→ **ASSIGNMENT**:
In the records below, find the line that contains "計算機基礎理論考試實踐試卷" and the line that contains "Трековый однофазный светильник", then retype exactly those two lines and every line between them.

→ **SUPPLIED RECORDS**:
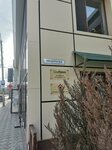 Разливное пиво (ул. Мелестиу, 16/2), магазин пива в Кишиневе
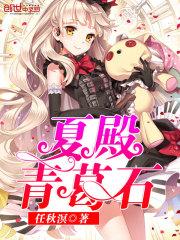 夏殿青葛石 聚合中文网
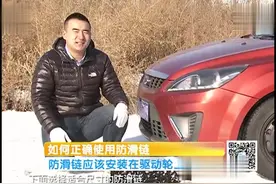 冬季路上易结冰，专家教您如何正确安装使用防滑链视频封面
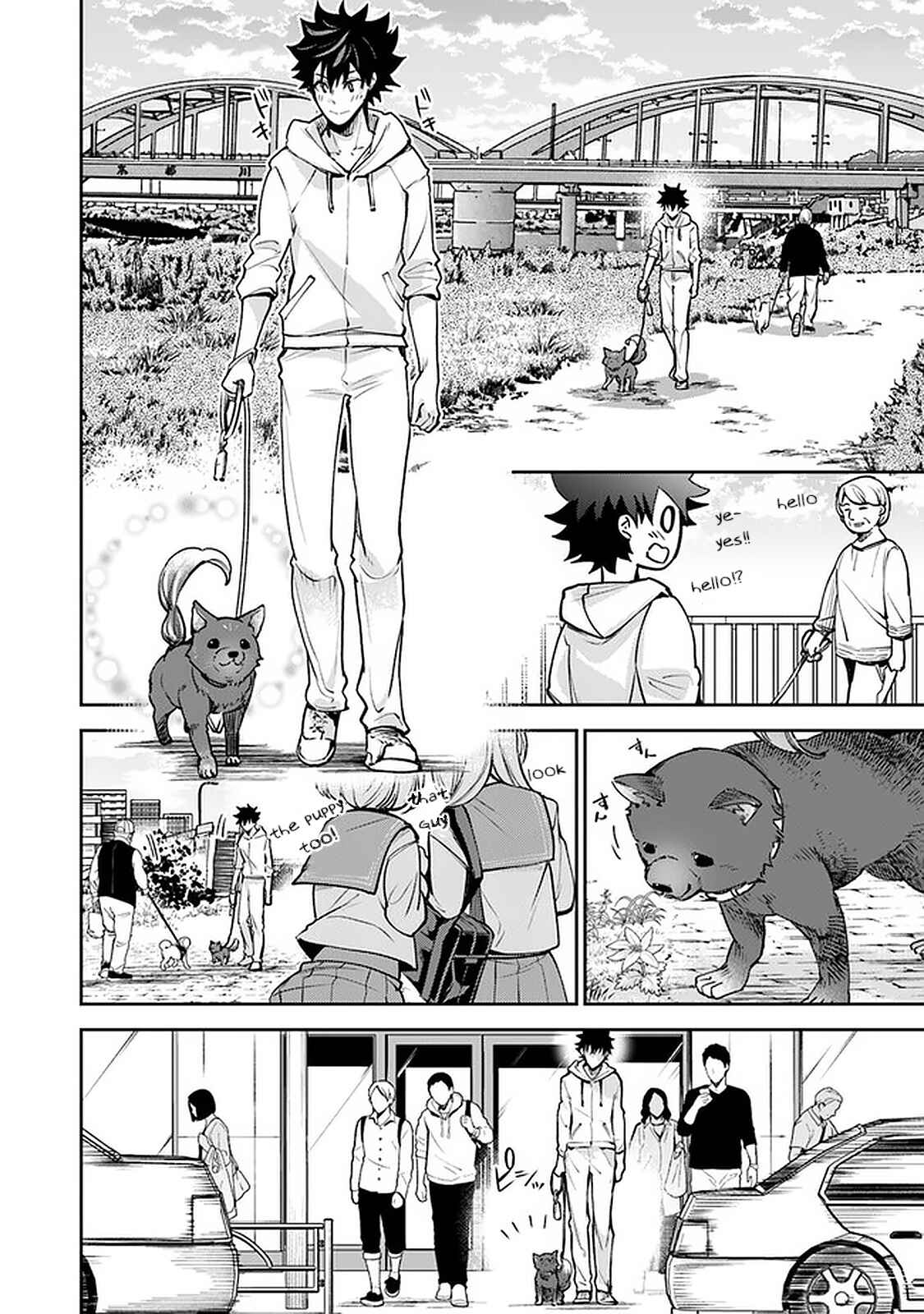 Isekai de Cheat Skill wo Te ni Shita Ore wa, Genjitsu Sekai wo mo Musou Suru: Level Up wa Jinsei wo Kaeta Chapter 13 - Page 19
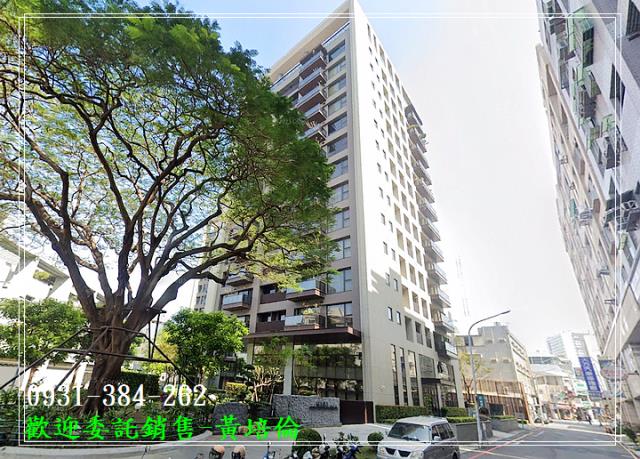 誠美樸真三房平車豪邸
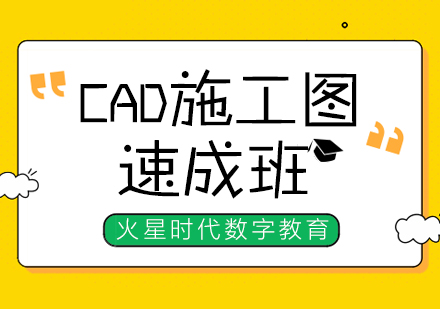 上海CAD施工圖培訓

==

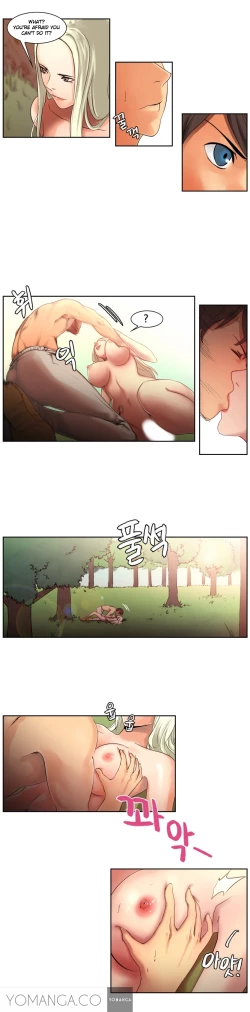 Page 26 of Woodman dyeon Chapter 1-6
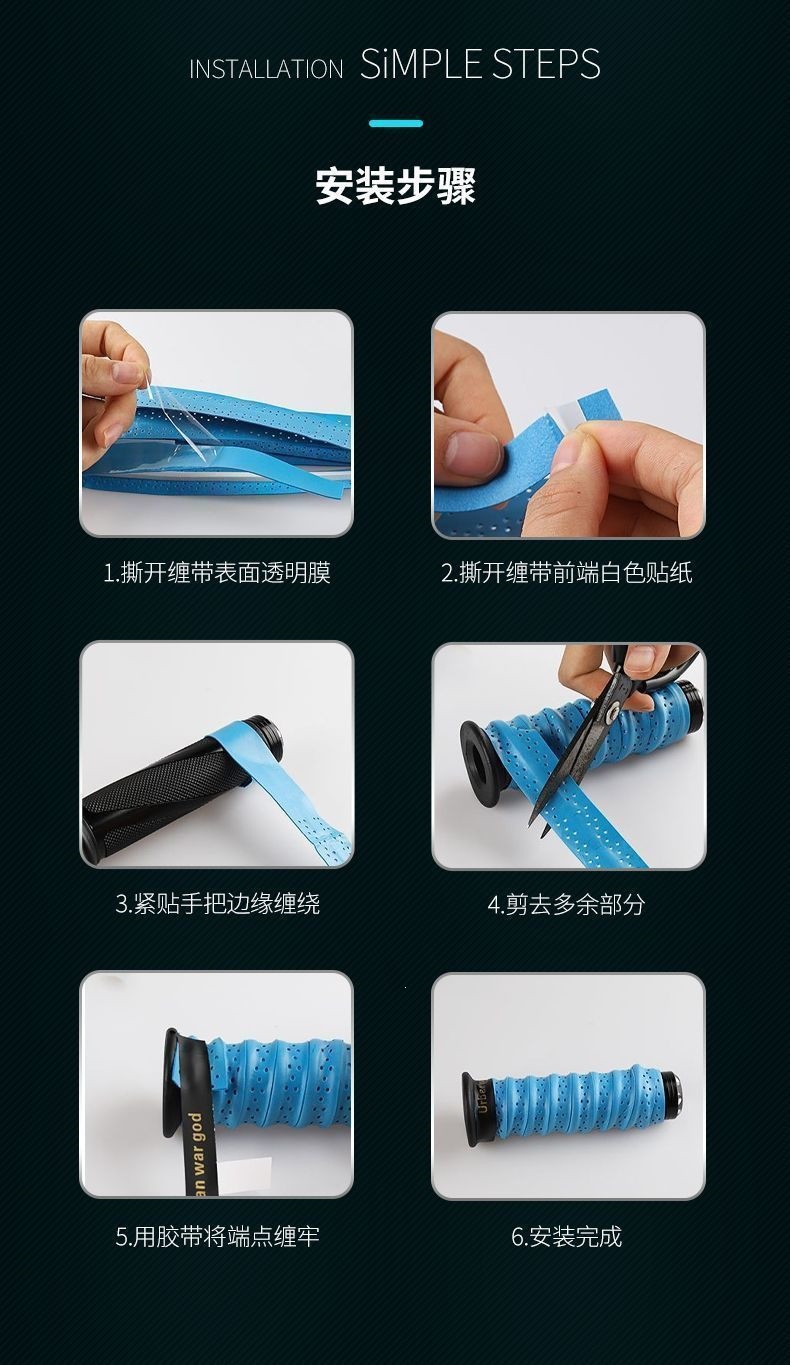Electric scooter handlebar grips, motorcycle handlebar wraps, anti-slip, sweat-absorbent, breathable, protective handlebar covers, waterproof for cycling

==

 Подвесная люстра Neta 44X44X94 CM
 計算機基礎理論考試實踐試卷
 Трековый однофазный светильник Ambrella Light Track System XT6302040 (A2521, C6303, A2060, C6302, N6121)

→ **SOLVED PROBLEM**:
 計算機基礎理論考試實踐試卷
 Трековый однофазный светильник Ambrella Light Track System XT6302040 (A2521, C6303, A2060, C6302, N6121)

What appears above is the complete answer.